In the entries below, repeat only the lines between those holding "Chemik Bydgoszcz – Stomil Olsztyn [ZDJĘCIA]" and "Panties Real Madrid C.F. Multicolour", inclusive. Leave pictures out.

___ Record excerpts

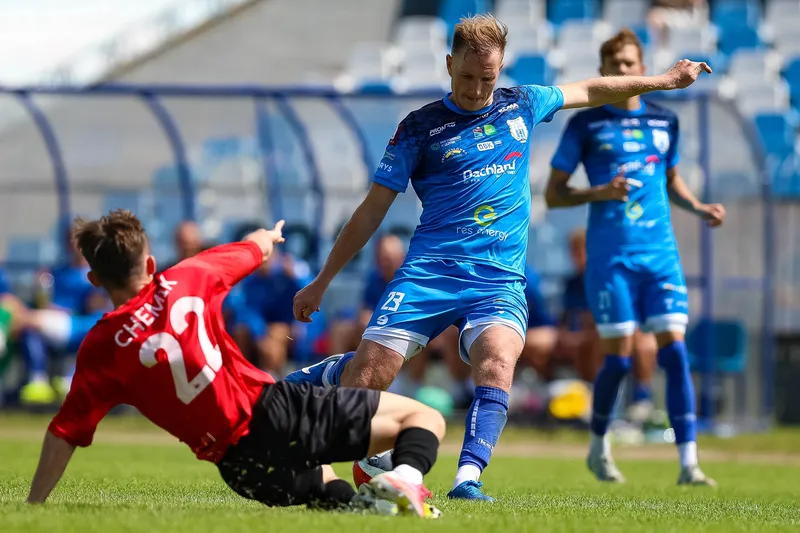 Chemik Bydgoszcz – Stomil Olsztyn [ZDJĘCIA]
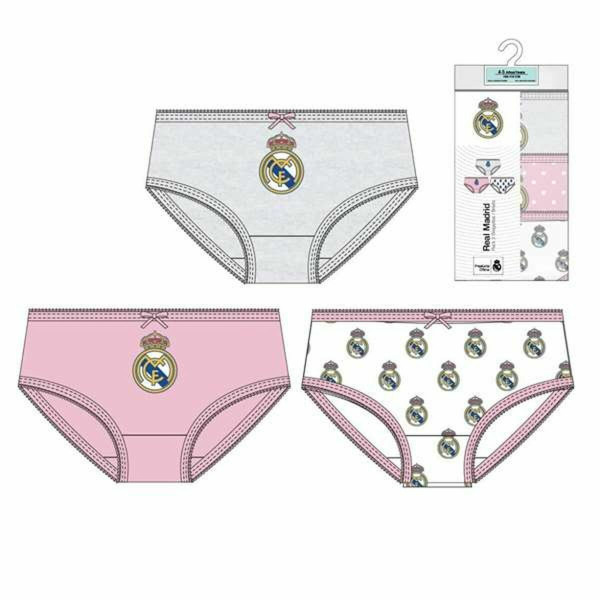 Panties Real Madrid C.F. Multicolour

______
___ Record excerpts

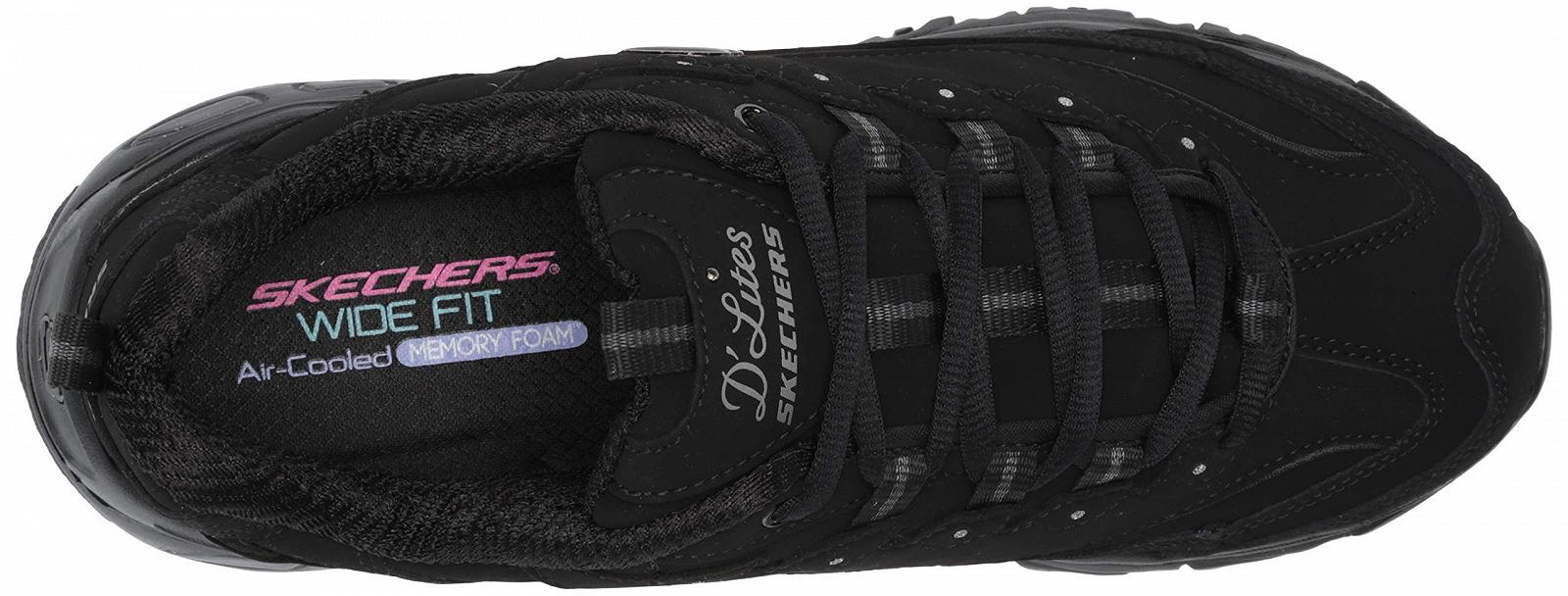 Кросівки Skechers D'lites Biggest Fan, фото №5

______

Solution to the problem:
 Chemik Bydgoszcz – Stomil Olsztyn [ZDJĘCIA]
 Panties Real Madrid C.F. Multicolour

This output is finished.